UNDERSTANDING BY DESIGN

 

Unit Overview

Unit Title: Linear Inequalities

Grade Level: Junior

Subject/Topic Area(s): Algebra II

Designed By: Maeve Goetz

Time Frame: 4 weeks; Block Schedule

School District: San Antonio Independent School District

School: Highlands High School

School Address and Phone:

3118 Elgin Ave.
San Antonio, TX 78210
(210) 333-0421

Brief Summary of Unit (Including curricular context and unit goals):
The students will be introduced to linear inequalities and systems of linear inequalities. The main
understandings that I want to develop in my students are that there are many methods to solving math
problems and that solving the problem is not always enough ( mathematically correct solutions are not
always the best solutions). They will need to analyze the solutions they develop to determine whether or
not their answer is reasonable.
Students will demonstrate their knowledge of linear equalities by solving them algebraically,
graphically, and using a table. Students will compare and contrast linear equations to linear inequalities.
They will explore real-world examples of linear inequalities and discuss when linear inequalities are
necessary to solve certain problems.
Students will apply what they have learned to a project. Each student will open a store of their
choosing. They must decide how many of two products they would like to have at their store based upon
the amount of space each takes up and the profit earned by each product. They will also compare this
simplified problem to what the problem would be like in the real world .

 

Unit: Linear Inequalities
Course: Core III
Stage 1: Desired Results
Understandings
Students will understand that:
There are many methods for solving mathematical problems.
Systems give absolute or optimal solutions for a set of equations or inequalities.
Mathematically correct solutions may not always yield the best solutions.
Essential Questions Knowledge & Skill
When do you use inequalities? When do you not?
How do you decide which method to use to solve a
problem?
When is a “correct” mathematical answer not the best
solution?
§111.33. Algebra II
(3) The student formulates systems of equations and
inequalities from problem situations, uses a variety of
methods to solve them, and analyzes the solutions in
terms of the situations.

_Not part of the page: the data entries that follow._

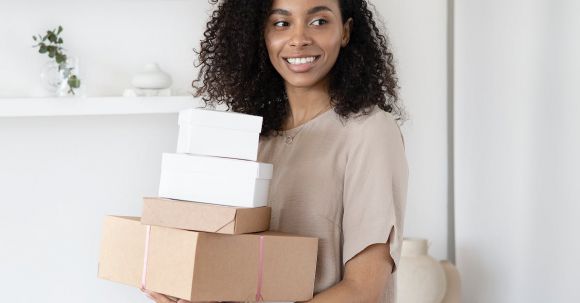 Successful Home Selling Tips - A Woman Holding Cardboard Boxes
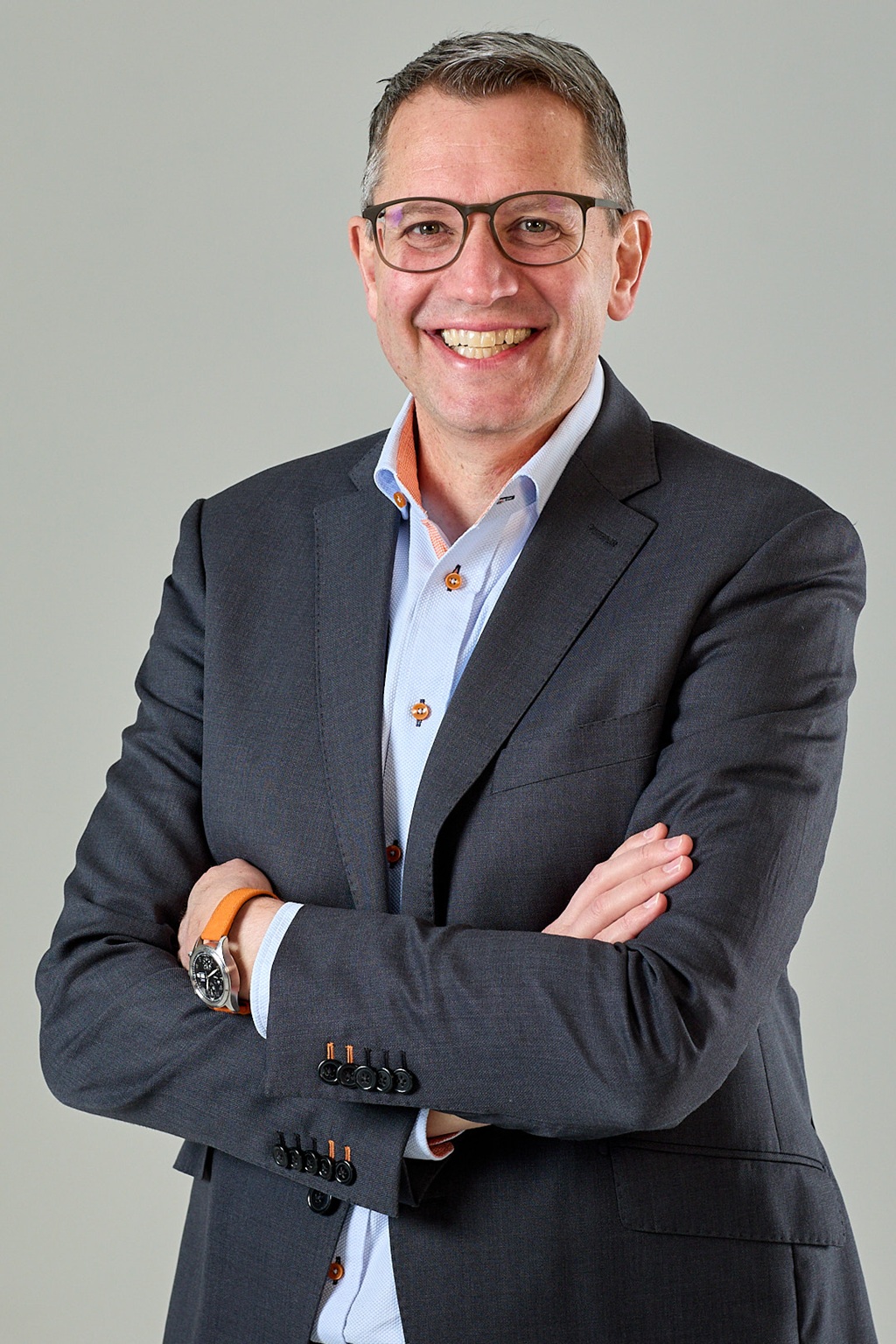 Herr um 50 Jahre mit hellblauem hemd und grauem Veston und kurzem dunklem haar, lächelnd businessportrait marc keller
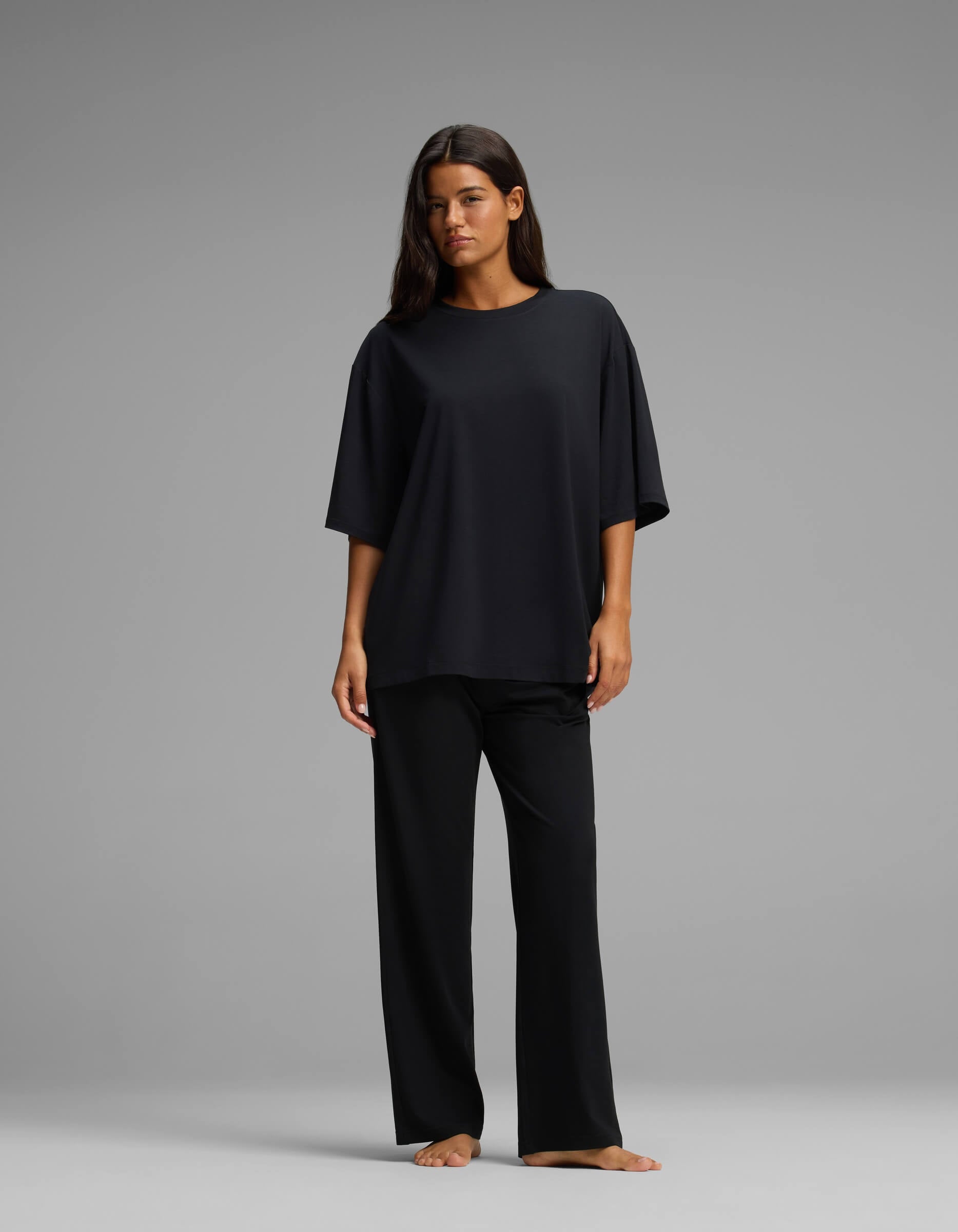 A woman stands barefoot against a gray background, wearing the Cozy Earth Women’s First Layer Boyfriend Sleep Tee & Pajama Pant Set in black, with her hair down and her arms relaxed by her sides.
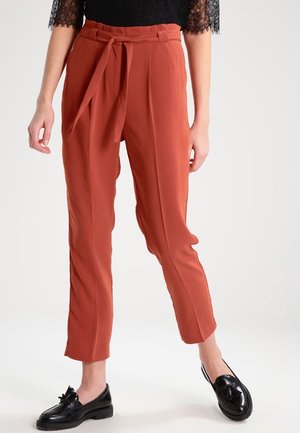 Pantalon taille haute fuselé couleur rouille avec lien à la taille, porté avec un haut en dentelle noire et des mocassins noirs à pompons sur fond clair.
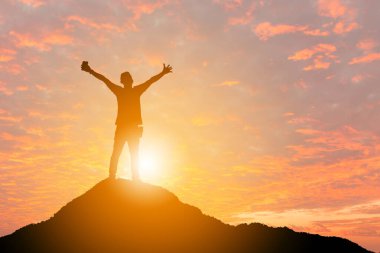 İnsanoğlunun silueti başarıyı kutluyor dağın tepesinde gün batımı gökyüzü arka planı, spor ve aktif yaşam kavramı.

Following are performance
descriptions.

(A) The student analyzes situations and formulates
systems of equations or inequalities in two or more
unknowns to solve problems.

(B) The student uses algebraic methods, graphs, tables,
or matrices, to solve systems of equations or
inequalities.

(C) For given contexts, the student interprets and
determines the reasonableness of solutions to systems of
equations or inequalities.
 
Stage 2: Assessment Evidence
Performance Task: see attached paper.
Other evidence:
Writing samples to accompany one of their examples of solving a linear inequality (explain what they do in each
step and why).
Quiz over solving linear inequalities.
Quiz over solving systems of linear inequalities.
Cumulative Test.
Stage 3: Learning Activities
(Steps taken to get students to answer Stage 1 questions and complete performance task)
Note: The text referred to here is Contemporary Mathematics in Context: Course Three, 2003 ed.

Day 1-2:
• Ask the students the question: what are inequalities (mathematical or otherwise)?
• What are some examples of inequalities? Graph one of the examples given to show how real-world
ideas and examples can be represented mathematically. Emphasize how you determine which region
will be shaded.
• Demonstrate “coding” for linear inequalities. “Coding” should have been covered with solving linear
equations; explain the extensions of “coding” here. After performing a few examples for the students,
have the students work through a set of 10 inequalities where they are to get “y” by itself.

Day 3:
• Explain how to graph inequalities. Again, work a few examples for the students, then walk around the
room and check for understanding. Give them examples where they must first “solve” for y, before
graphing.
• During the last 5 minutes of class, have the students write an explanation of what they are doing and why
they are doing it as they solve a linear inequality.

Day 4:
• Compare and contrast linear equation and linear inequalities.
What is the solution of a linear equation/inequality?
How many solutions does a linear equation/inequality have?
What does the graph of a linear equation/inequality look like?
What does a linear equation/inequality look like and what do the different numbers and variables
represent?
• Have the students find the solutions of a linear inequality algebraically, using a table, and by analyzing its
graph.

Day 5:
• Quiz students over solving linear inequalities.

Days 6-9:
• Compare and contrast systems of linear equations to systems of linear inequalities.
• What are examples of key words that will help you to identify when you will need to use inequalities to
solve a problem?
• Go through Unit 1 Lesson 4 Investigations 1-2

Day 10:
• Quiz over systems of linear inequalities.

Days 11-12:
• Go through Unit 1 Lesson 4 Investigation 3.

Days 13-16:
• Allow students to work on their projects. Keep track of their progress using the following checklist:

______ Day 13: Introduce the performance task. Read through the instructions and go over the rubric. Make
sure students give the name of their store and information (description, size, and potential profit) of
each product involved .
______ Days 14-15: Inequalities written down and graphs completed.
______ Day 16: Reflections completed.

Days 17-18:
• Students will turn in their projects and begin presenting their “stores” to the rest of the class on Day 17.

Day 19:
• Review systems of linear equations with the students.
• Have students write an answer to: How do you solve a system of linear inequalities and what does the
graphical solution look like?

Day 20:
• Cumulative Test

Linear Inequalities Project!
Due in Class on _____________


You are going to open your own store. However, you need to get a business partner in order to get
enough money to get your store running. To show your potential partner your business qualifications, you will
show her the process you go through when stocking your products. You are currently trying to decide how
much of product A and product B you want to buy. Product A takes up less space than Product B, but it also
yields a smaller profit. Note: Assume that there will be no problem selling any amount of either product.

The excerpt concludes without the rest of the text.